I am an optimist about China. Some commenters mistakenly assume I am a China booster. Actually, I don’t at all like the authoritarian nature of their political system or the gross inefficiencies of their economic system. There’s nothing for us to emulate.
I’m an optimist because each time I visit China (and I plan to return this summer) I see dramatic changes. Yes, it’s repressive and wasteful, but far less so than a few decades earlier. And as this important story in the new issue of The Economist shows, the reforms roll onward relentlessly:
INFORMAL lending is rampant in China. Although some private banks like Minsheng do lend to small enterprises, the official banks that dominate Chinese banking prefer to lend to well-connected state firms. Many Chinese entrepreneurs have been forced to turn to shadow banks. . . .

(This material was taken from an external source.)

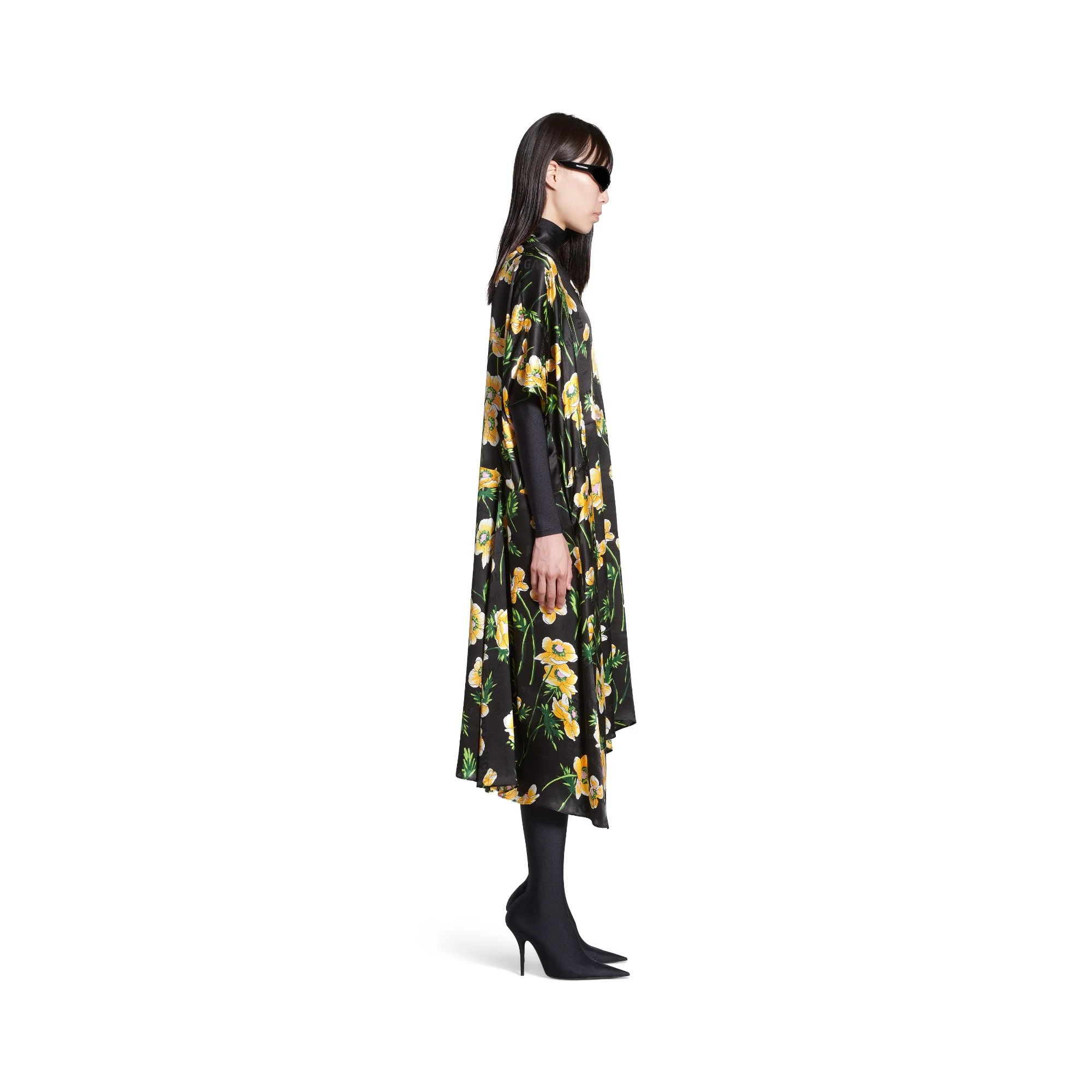 Oversized Dress - Black/Yellow - Image 5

At the end of March officials announced that Wenzhou, a dynamic city in Zhejiang, would be named a “special financial zone” in which two pilot schemes will be introduced. First, informal moneylenders will be encouraged to register as private lending institutions free to operate with the blessing of the state. Second, private citizens in Wenzhou will be allowed to invest up to $3m each directly in non-bank entities abroad, without the need for a formal government intermediary.
These moves are welcome. Legitimising black-market finance could accelerate economic growth by deepening the pool of capital available to the country’s cash-starved entrepreneurs. Michael Werner of Sanford C. Bernstein, an investment bank, also points out that such a reform would help by giving legal remedy in case of default. At the moment, there is none. During last year’s crunch in Wenzhou, for example, some bankrupt bosses simply boarded up their factories and fled town.
The move to allow direct overseas investment is also a promising step towards opening up China’s capital account. At the moment mainland residents can legally move only a pittance abroad in any given year. If the pilot scheme is expanded, the opening could help ease upward pressure on property prices by offering punters another way to seek high returns. Frederic Neumann of HSBC thinks allowing money to flow abroad could ease the “financial repression” of low interest rates for savers.
Tantalisingly, Wen Jiabao, the prime minister, this week declared that the “monopoly” grip of state-run banks must be broken, and hinted that the reforms in Zhejiang would be expanded nationally if successful. Officials also almost tripled the amount of foreign investment allowed in China’s capital markets, to $80 billion.
Chinese market reforms began in rural Anhui during 1979. But the urban reforms began in the 1980s in Wenzhou, which is China’s most entrepreneurial city. The Chinese government tends to try new policies on a small scale before rolling them out nationwide. Often the reforms simply legalize what is already occurring. That was true of the move away from communes in the late 1970s and early 1980s, and it’s true of the current banking reforms. But legalization is very important, as it puts business people in a much less precarious position, especially in a country where prosecution for economic crimes can be politically motivated.